To be able to react to quick and repeated changes in demand, supply, and working circumstances, however, every plant must optimize output, reduce waste, improve safety and sustainability, and become more nimble. Therefore, the Industrial Internet of Things (IIoT), artificial intelligence (AI), and cloud computing are expected to be the three most popular applications for digital transformation during the coming two years.
Key Trends
Production Optimization
The first and most valuable use cases of digitalization in chemical plants center on production optimization through improved equipment performance, process automation, remote and predictive monitoring, and simplified maintenance.
Chemical factories, which often provide basic chemicals for use as end products in other sectors, have a special responsibility to maintain consistently high product quality. However, doing so can be challenging given the significant variations in raw material supply and quality. In addition, as process engineers can change the mix on the fly in reaction to fluctuations in quality, feedstock, or ambient temperatures, better data and analytics enable finer and more frequent adjustments.
Lowering Waste
The main advantage of digitally transformed plants so far has been cost reduction. The price volatility of raw materials is a problem for the chemical production sector because customers naturally want constant low prices. Minimizing waste is critical since facilities must contend with rising energy costs.

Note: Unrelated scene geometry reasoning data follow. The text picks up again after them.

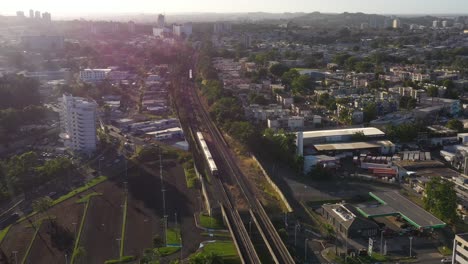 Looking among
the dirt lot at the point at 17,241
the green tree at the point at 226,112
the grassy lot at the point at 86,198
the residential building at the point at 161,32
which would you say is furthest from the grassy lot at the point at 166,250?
the residential building at the point at 161,32

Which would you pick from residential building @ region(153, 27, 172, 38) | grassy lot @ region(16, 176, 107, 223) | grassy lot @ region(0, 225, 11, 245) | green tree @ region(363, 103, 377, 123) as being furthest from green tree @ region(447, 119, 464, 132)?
residential building @ region(153, 27, 172, 38)

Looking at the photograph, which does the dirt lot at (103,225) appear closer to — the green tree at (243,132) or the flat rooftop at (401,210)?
the green tree at (243,132)

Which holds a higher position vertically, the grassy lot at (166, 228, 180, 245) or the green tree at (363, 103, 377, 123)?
the green tree at (363, 103, 377, 123)

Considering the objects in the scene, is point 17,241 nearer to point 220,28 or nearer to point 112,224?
point 112,224

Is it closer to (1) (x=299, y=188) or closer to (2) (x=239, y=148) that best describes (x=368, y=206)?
(1) (x=299, y=188)

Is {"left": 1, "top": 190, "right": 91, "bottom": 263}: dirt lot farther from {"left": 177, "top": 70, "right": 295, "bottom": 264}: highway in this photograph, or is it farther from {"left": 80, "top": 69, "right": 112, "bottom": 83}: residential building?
{"left": 80, "top": 69, "right": 112, "bottom": 83}: residential building

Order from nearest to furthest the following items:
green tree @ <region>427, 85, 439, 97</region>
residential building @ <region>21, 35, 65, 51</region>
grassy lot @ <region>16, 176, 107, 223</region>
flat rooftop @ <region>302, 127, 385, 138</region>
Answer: grassy lot @ <region>16, 176, 107, 223</region> < flat rooftop @ <region>302, 127, 385, 138</region> < green tree @ <region>427, 85, 439, 97</region> < residential building @ <region>21, 35, 65, 51</region>

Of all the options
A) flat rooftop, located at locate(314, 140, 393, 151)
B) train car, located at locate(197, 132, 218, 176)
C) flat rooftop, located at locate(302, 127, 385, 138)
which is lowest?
train car, located at locate(197, 132, 218, 176) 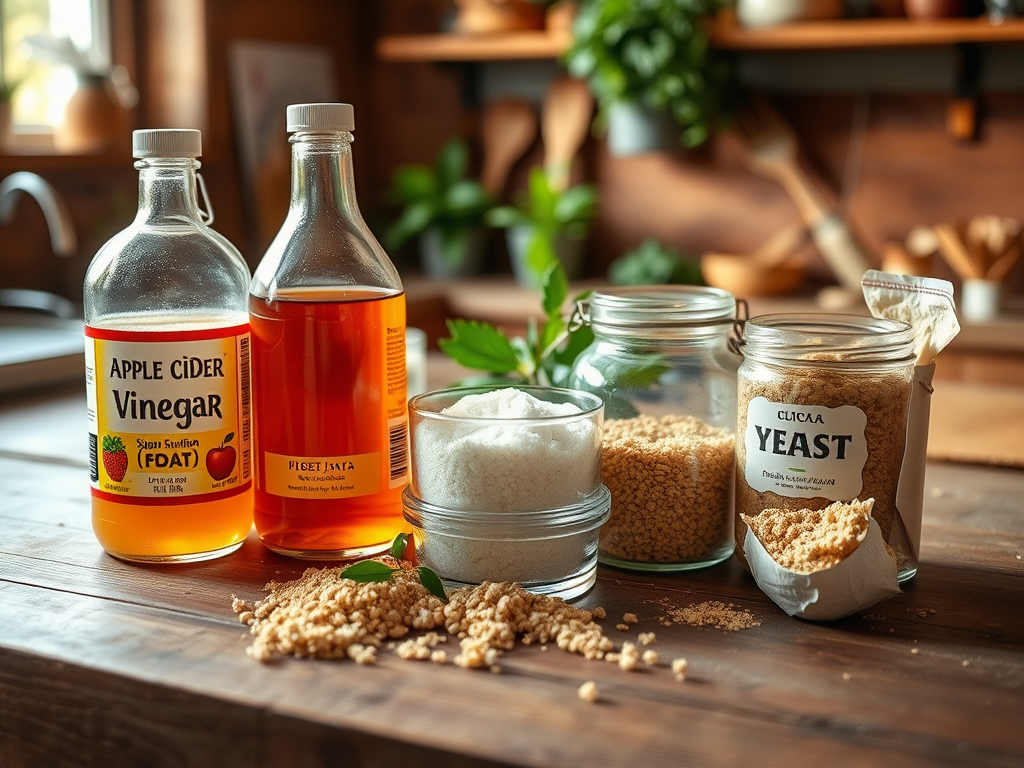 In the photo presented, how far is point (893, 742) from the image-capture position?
0.56 metres

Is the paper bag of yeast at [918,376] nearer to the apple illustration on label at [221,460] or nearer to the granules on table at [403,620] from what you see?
the granules on table at [403,620]

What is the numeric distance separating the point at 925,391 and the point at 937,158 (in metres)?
2.00

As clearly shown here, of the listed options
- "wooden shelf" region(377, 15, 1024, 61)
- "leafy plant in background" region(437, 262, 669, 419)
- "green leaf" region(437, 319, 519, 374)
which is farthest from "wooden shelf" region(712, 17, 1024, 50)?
"green leaf" region(437, 319, 519, 374)

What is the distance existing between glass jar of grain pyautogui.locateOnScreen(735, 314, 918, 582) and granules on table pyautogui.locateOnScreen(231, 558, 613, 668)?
170 millimetres

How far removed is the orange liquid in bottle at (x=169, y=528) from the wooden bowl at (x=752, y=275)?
5.94 ft

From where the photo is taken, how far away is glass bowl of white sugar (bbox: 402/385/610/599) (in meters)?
0.73

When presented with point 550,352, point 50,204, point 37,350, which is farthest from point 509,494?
point 50,204

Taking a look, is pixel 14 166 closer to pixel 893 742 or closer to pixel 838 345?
pixel 838 345

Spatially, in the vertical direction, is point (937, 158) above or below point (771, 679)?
above

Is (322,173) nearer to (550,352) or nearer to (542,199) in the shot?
(550,352)

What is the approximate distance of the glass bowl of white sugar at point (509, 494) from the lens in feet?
2.39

Analytics tools that monitor fluctuating raw material prices aid factories in negotiating the best deals with suppliers and preparing in advance for price spikes. The risk of oversupply is reduced since plants can prepare the proper quantities of various products thanks to more precise demand predictions.
Sustainability, Compliance, and Safety
The chemical industry is heavily regulated as a result of the quantity of hazardous chemicals and the number of end-use industries that rely on it. Businesses are adopting digital transformation to boost safety awareness, reduce emissions and dangerous flare incidents, and guarantee a transparent and accurate audit trail.
Plants that quickly adopt digital solutions for remote monitoring, supply chain visibility, waste reduction, production optimization, raising their safety profile, and opening up new opportunities will profit from higher profits and increased revenue, whereas those that hesitate for too long risk failing in the long run.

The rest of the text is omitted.